Leaving out the images, transcribe every record below exactly.

Data for the task:
=====
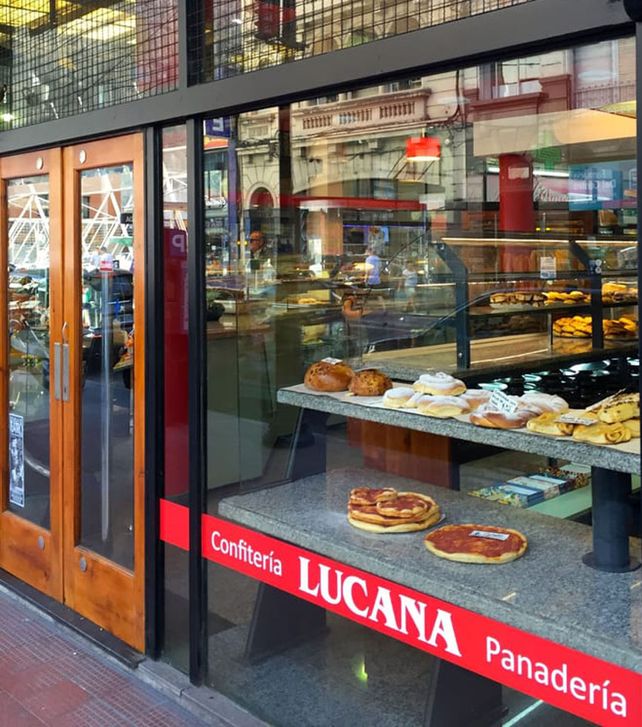 La Lucana, otra histórica panadería céntrica que ya apagó sus hornos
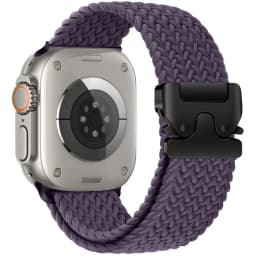 Parachute Strap For Apple Watch Band 44mm 46mm 42mm 45mm 41mm 40mm Braided Bracelet Correa iWatch Series 10 9 8 SE Ultra 2 49mm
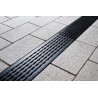ACO perforooster Quadrato RVS lengte 500mm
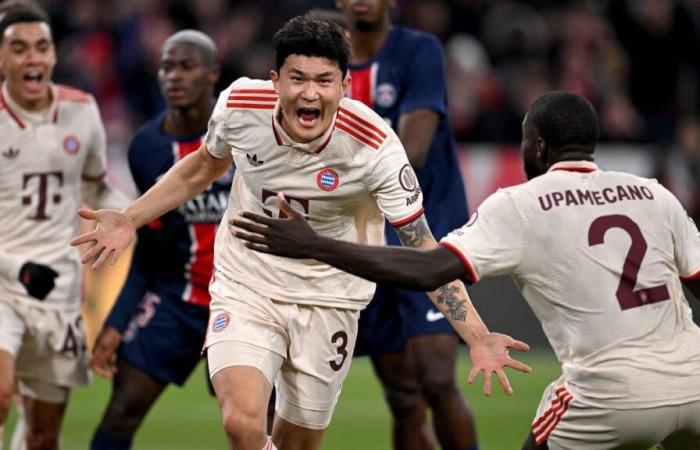 Match report | Kim takes advantage of goalkeeping errors: Bayern defeats decimated PSG | Bayern Munich – Paris St. Germain 1-0 | 5th matchday | Champions League 2024/25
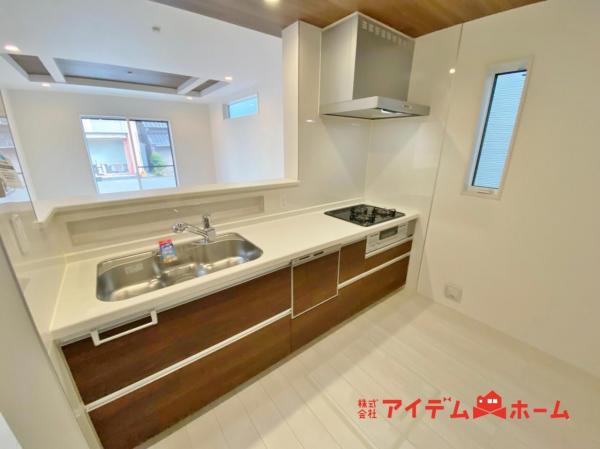 新築一戸建て 岡崎市矢作町字尊所 名鉄名古屋本線矢作橋駅 4090万円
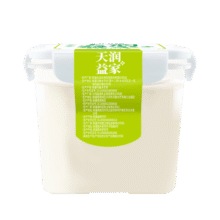 天润（TERUN）新疆特产 低温生鲜酸奶家庭分享桶装  2KG*1桶39.9元 (月销8000+)
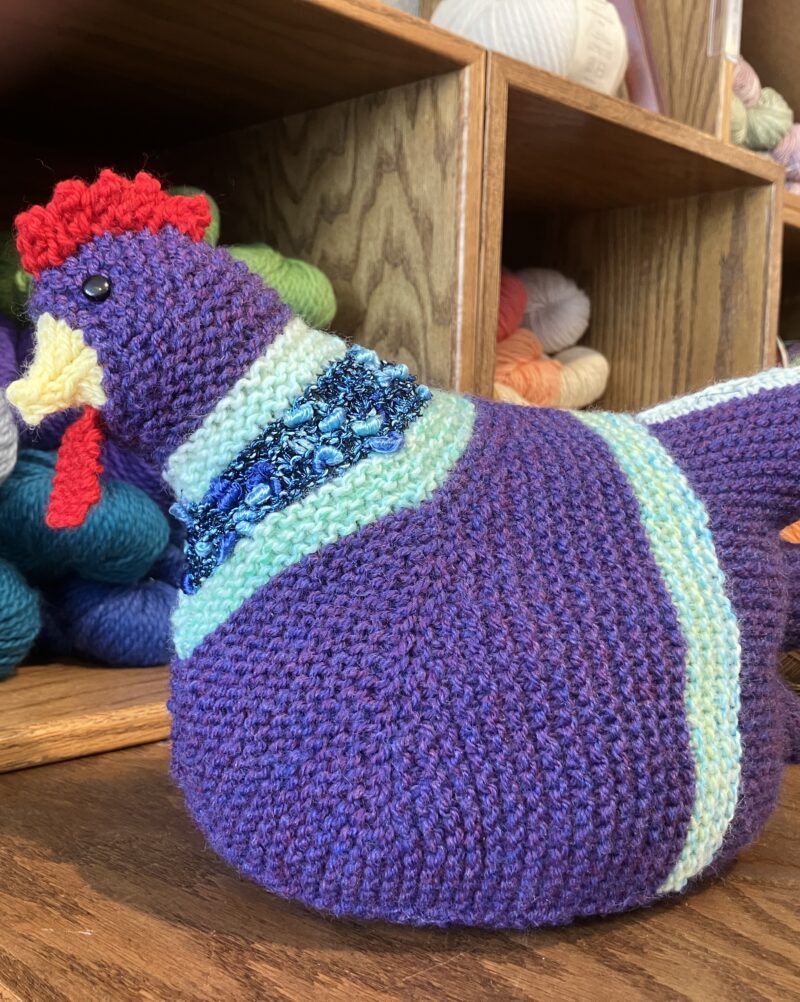 Emotional Support Chicken Class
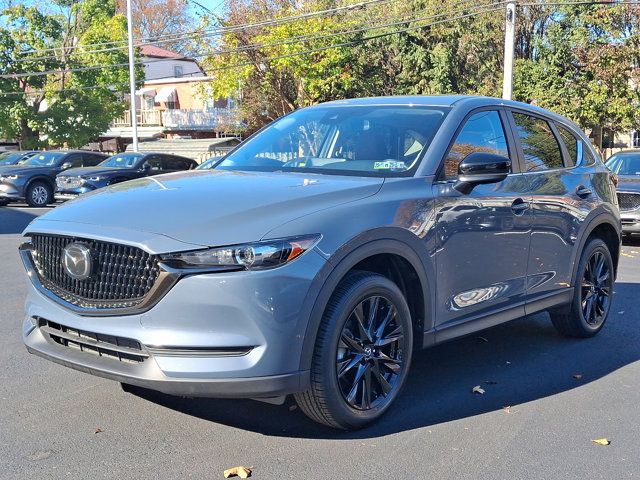 2021 Mazda CX-5 Carbon Edition Turbo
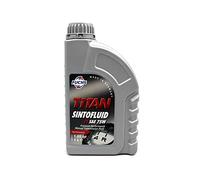 Fuchs Titan sintofluid FE SAE 75W 1 envase de 1 litro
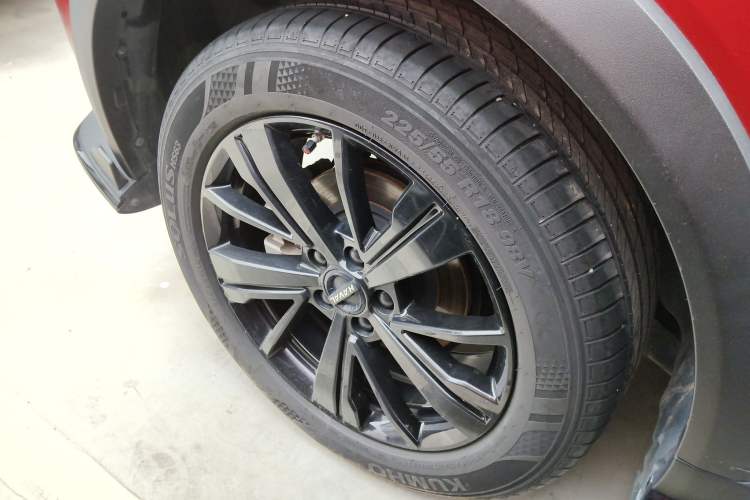 Used Haval LHERY 2021 High-Performance Version 1.5T Golden Rabbit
=====
Response for this exercise:
 La Lucana, otra histórica panadería céntrica que ya apagó sus hornos
 Parachute Strap For Apple Watch Band 44mm 46mm 42mm 45mm 41mm 40mm Braided Bracelet Correa iWatch Series 10 9 8 SE Ultra 2 49mm
ACO perforooster Quadrato RVS lengte 500mm
 Match report | Kim takes advantage of goalkeeping errors: Bayern defeats decimated PSG | Bayern Munich – Paris St. Germain 1-0 | 5th matchday | Champions League 2024/25
 新築一戸建て 岡崎市矢作町字尊所 名鉄名古屋本線矢作橋駅 4090万円
 天润（TERUN）新疆特产 低温生鲜酸奶家庭分享桶装  2KG*1桶39.9元 (月销8000+)
 Emotional Support Chicken Class
 2021 Mazda CX-5 Carbon Edition Turbo
 Fuchs Titan sintofluid FE SAE 75W 1 envase de 1 litro
 Used Haval LHERY 2021 High-Performance Version 1.5T Golden Rabbit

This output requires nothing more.